Hey girl, you can listen to a lot of people telling not to make the move, my advice is don't allow pride come in your way, the only way you can move on without looking back is if you go over and tell him how you feel. However, you must watch out for his sincerity so he doesn't play with your emotions.
I assure you no matter how it turns out you feel better in the long term.
good luck.
ThoniaSlim (f)
Re: Should I Tell My Ex-Boyfriend That I Want Him Back?
« #82 on: April 15, 2008, 11:36 PM »

abeg bone him jare, you want to make yourself vulnerable to some loser who could not see your worth or appreciate you. thats a don't do girl
Mandora (f)
Re: Should I Tell My Ex-Boyfriend That I Want Him Back?
« #83 on: April 17, 2008, 03:43 PM »

I really hate 2 rain on your parade, but take it from someone who knws, a guy would not appreciate u just turnin up unannounced. If u intend 2 c him, by all means let  him knw.
dutty (m)
Re: Should I Tell My Ex-Boyfriend That I Want Him Back?
« #84 on: April 17, 2008, 04:17 PM »

@mandora
she said she was going to let him know that she was entering into town, i'm sure theres notin wrong wit that.even they've broken i dnt think its wrong to visit your ex-.
@poster

i think u shld go see him, delay is dangerous! even if he's riding another bus, it might still be quite early&he can get off at the next busstop.just try and play the fool this time,if its worth your hapiness then what the hell?let your timing be right though.Goodluck!
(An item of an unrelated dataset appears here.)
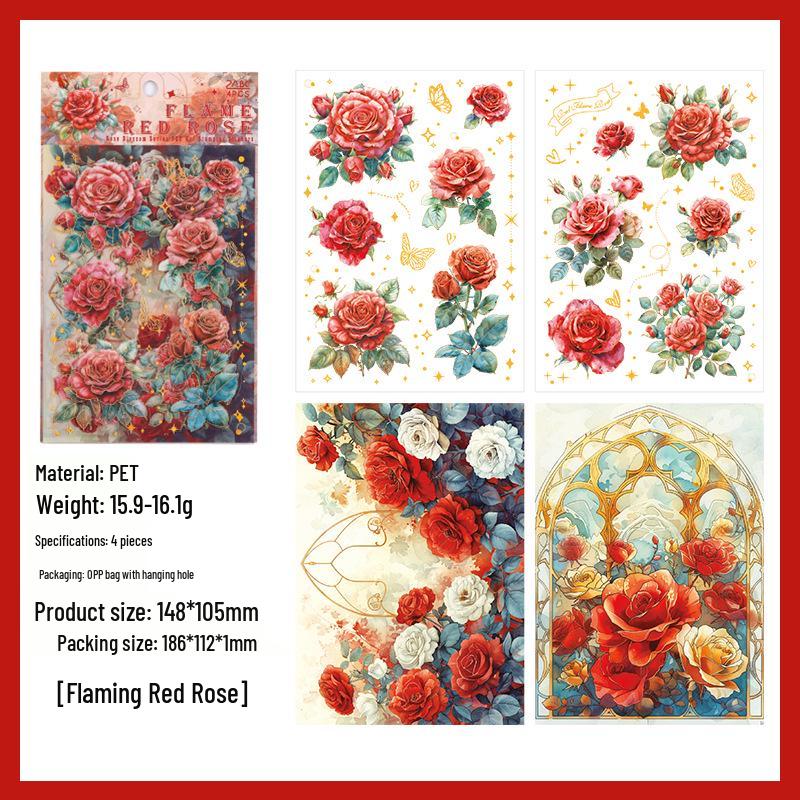 Yuezhen Rose Die-Cut Waterproof PET Journal Stickers - Creative Floral Designs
Wink
amaikama (m)
Re: Should I Tell My Ex-Boyfriend That I Want Him Back?
« #85 on: April 30, 2008, 10:48 AM »

Can a dog eat it his vomits?  Angry if yes! then go but if not, then i suggest stay clear of him. there are thousand and one men out there who can give you the same feelings like the one you having for your ex. even more. Kiss
tngtech (m)
Re: Should I Tell My Ex-Boyfriend That I Want Him Back?
« #86 on: April 30, 2008, 10:51 AM »

I won't allow you going to see him, because i know we guys, he will agree to come back but play with your heart. believe me.